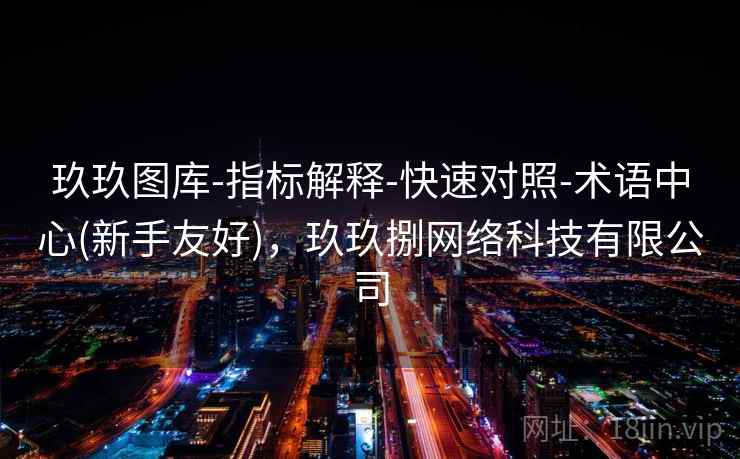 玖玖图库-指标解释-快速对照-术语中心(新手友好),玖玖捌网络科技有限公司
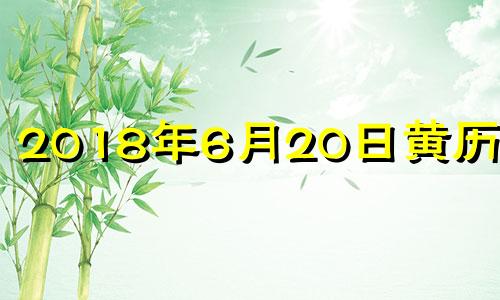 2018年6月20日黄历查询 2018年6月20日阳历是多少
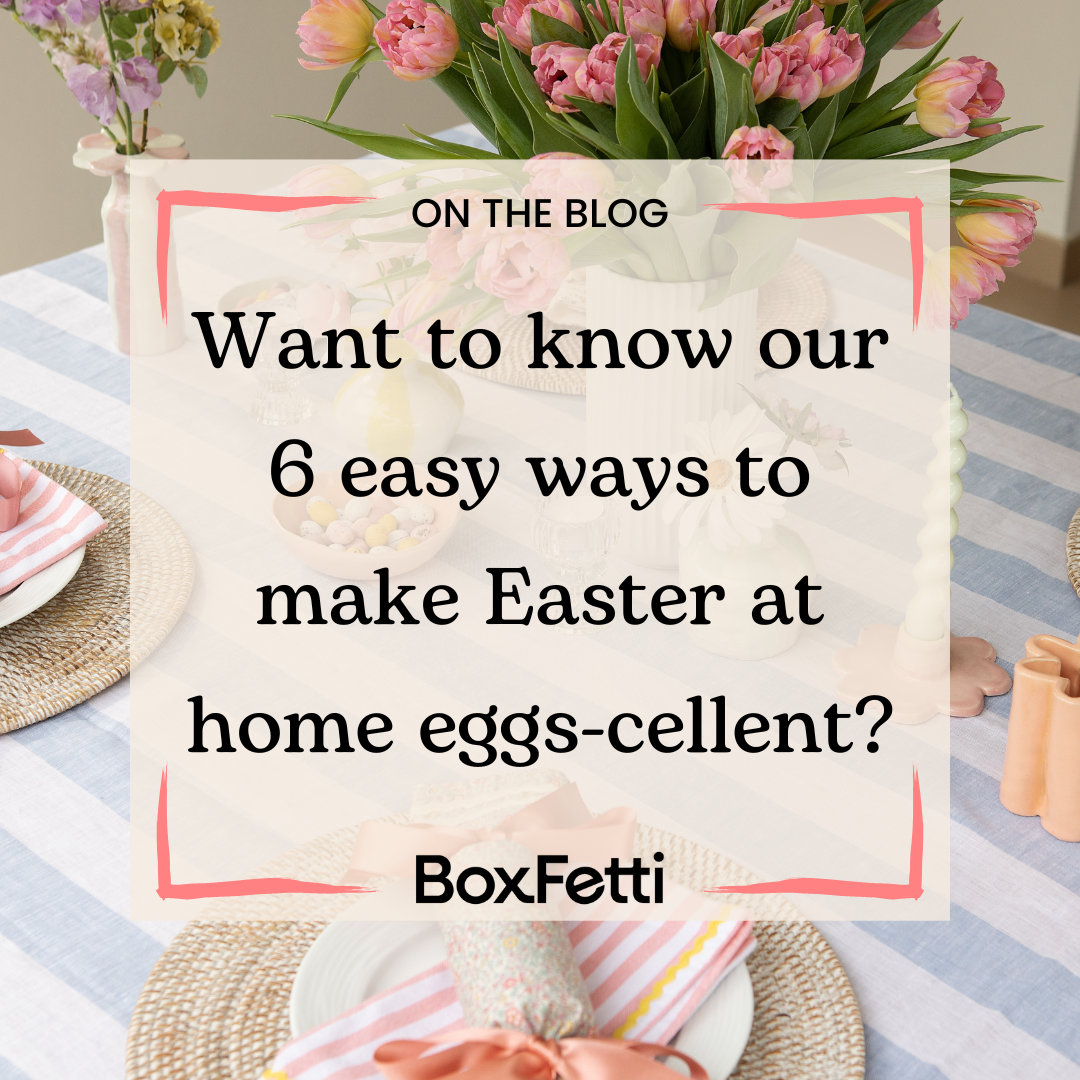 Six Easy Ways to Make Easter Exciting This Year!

- - -

To complete the exercise, return the listing above exactly and omit its pictures.

▸ **Task result**:
 玖玖图库-指标解释-快速对照-术语中心(新手友好),玖玖捌网络科技有限公司
 2018年6月20日黄历查询 2018年6月20日阳历是多少
 Six Easy Ways to Make Easter Exciting This Year!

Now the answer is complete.